Living Through Disappointment

Living through disappointment will require us to take a few actions on a regular basis.

Action #1: Realize no one is perfect.

Our unrealistic expectations lead us to assume that people are perfect and operate their lives and leadership perfectly. This is completely unfair and unwise. Personally, I must always remind myself that I am not perfect and I should not expect other people to be perfect.

Action #2: Forgive and let it go.

Forgiving other people who have disappointed us is the key to living with peace and contentment. We cannot hold something against someone else. We have to forgive and let it go.

Action #3: Forget it and drive on. 

When we truly forgive and let something go, we also forget about it and drive on.
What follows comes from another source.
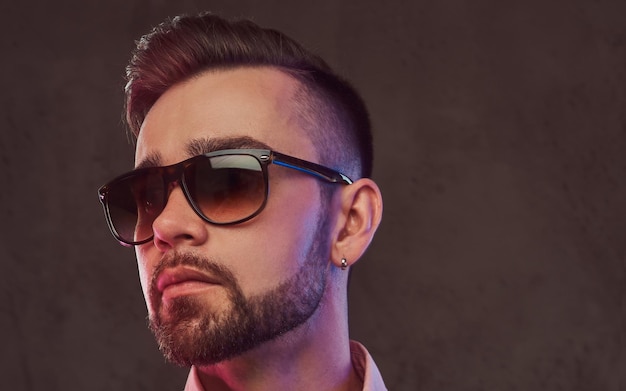 Retrato de primer plano de un hombre barbudo elegante y confiado con peinado y gafas de sol en un traje gris y camisa rosa, posando en un estudio. Aislado en un fondo gris.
My friend Clebe McClary, who fought courageously in the Vietnam War paying a high price for our freedom, taught me this principle years ago. He called it FIDO: Forget it and drive on. This is outstanding counsel for each of us when we are disappointed.

Action #4: Give it to God. 

God knows everything. He knows where you are. He knows what happened. He knows the people, situation, organization, or experience that has disappointed you. Therefore, give it to God. He will take care of you.

The Only Thing You Can Control

There is only one thing you can control in your life: Your response to the situation. 

When disappointment comes with people, circumstances, organizations, or with life itself, the only thing you can control is your response to the situation. You cannot control others or their actions.